La ministra degli Esteri argentina, Susana Malcorra, che ha visto il Papa venerdì scorso, ha detto che ha parlato «a lungo» con lui della crisi a Caracas, e che Francesco le ha detto che è «disposto a dare qualche forma di appoggio» al dialogo fra opposizione e governo, ma per fare questo «Maduro deve adempiere agli impegni che gli ha chiesto la Chiesa, e ai quali non ha mai dato risposta». Lo scorso dicembre, in una lettera inviata a Maduro, Parolin aveva trasmesso quattro richieste al governo venezuelano: autorizzazione all'invio di assistenza umanitaria; un calendario elettorale chiaramente stabilito; restituzione delle prerogative al Parlamento e liberazione dei prigionieri politici. La missiva era stata accolta con sdegno dal governo - il numero due del chavismo, Diosdado Cabello, aveva accusato Parolin di essere un alleato della «oligarchia imperialista» - il che aveva portato al fallimento di quel primo tentativo di mediazione.

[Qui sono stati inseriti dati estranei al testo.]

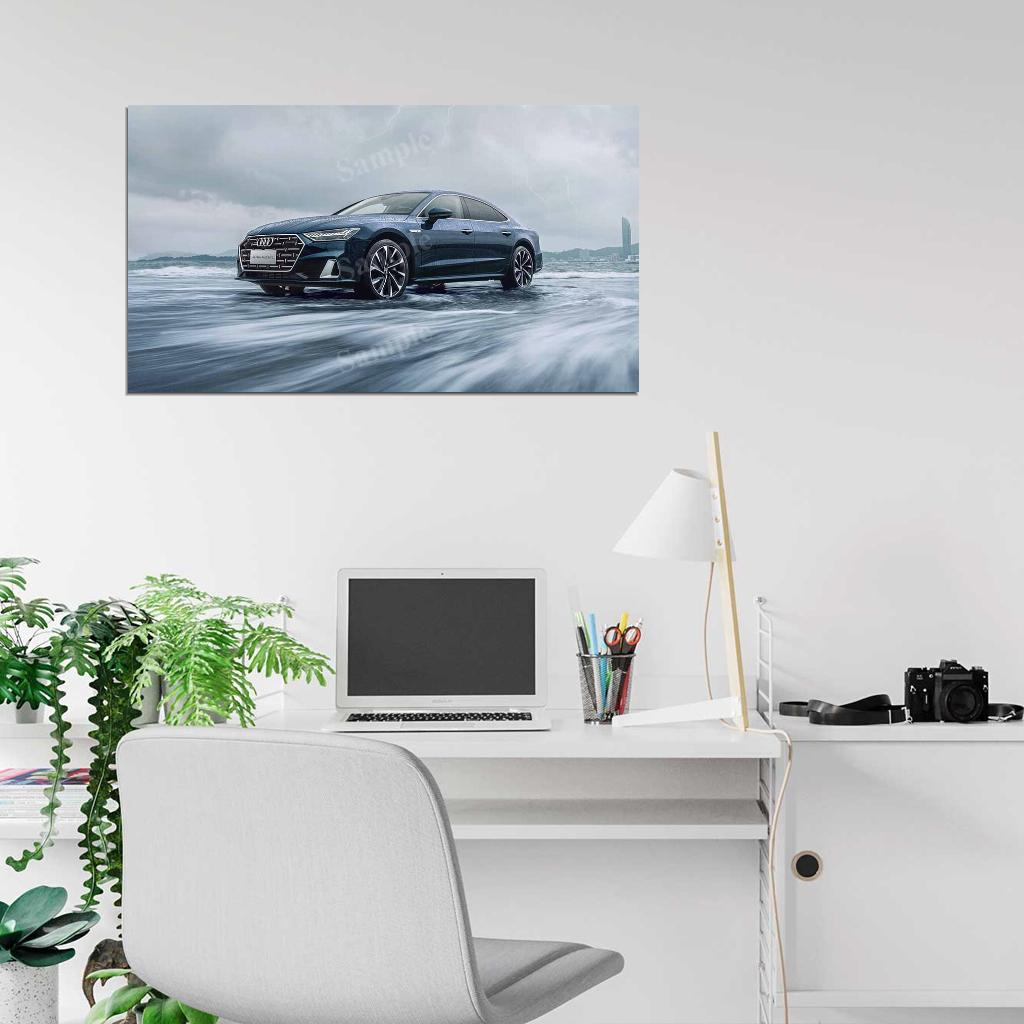 A7l 55 Tfsi Quattro S Line 2022 High Res HD HQ Car Posters Home Decor Aesthetic Garage Man Cave For Men Boys Wall Art Poster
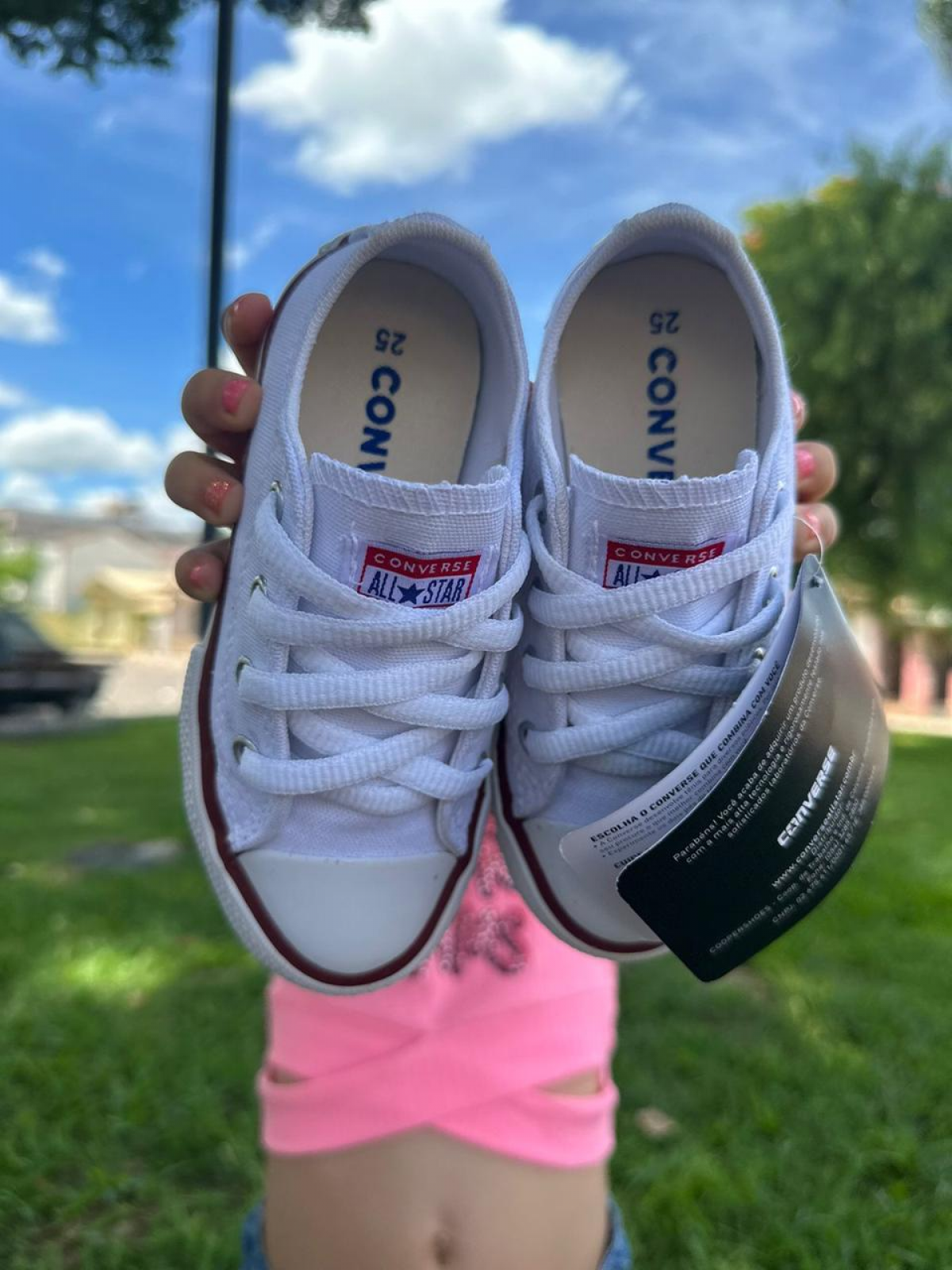 Tenis Infantil Unissex All Star Curto Branco Vulcanizado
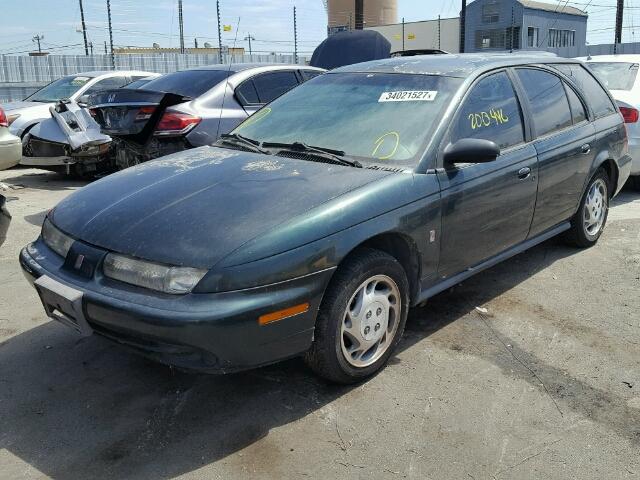 1G8ZK8277VZ334923 - 1997 SATURN SW2 GREEN photo 2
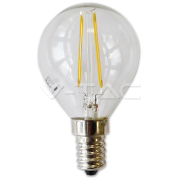 LED spuldze 2W Filament E14 P45 2700K VTAC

Il ministro peruviano degli Esteri, Ricardo Luna, ha affermato che quell'iniziativa, sponsorizzata dall'Unione delle Nazioni Sudamericane (Unasud) con l'appoggio della Santa Sede, «non è servita a niente» e dunque è giunto il momento di una nuova mediazione, guidata dal Vaticano assieme a 12 paesi latinoamericani che hanno espresso una posizione comune rispetto alla crisi a Caracas. Questi dodici paesi - Argentina, Brasile, Cile, Colombia, Costa Rica, El Salvador, Guatemala, Messico, Panama, Paraguay, Perù e Uruguay - hanno sottoscritto una dichiarazione comune, ribadendo le stesse quattro esigenze contenuta nella lettera inviata da Parolin a dicembre.
Sia Malcorra che Luna hanno segnalato l'urgenza con la quale è necessario muoversi a causa del costante degrado della situazione in Venezuela, dove la crisi fra esecutivo e Parlamento si consuma nel mezzo di una durissima crisi economica, che sta già provocando episodi di saccheggio e rivolta sociale.
Domenica scorsa Maduro ha accennato ai «quattro punti del documento che abbiamo firmato» senza però precisare quali fossero, limitandosi a dire che «se c'è qualcosa ancora da fare, allora lo faremo», e chiedendo ai mediatori dell'Unasud di «tornare quanto prima possibile» in Venezuela.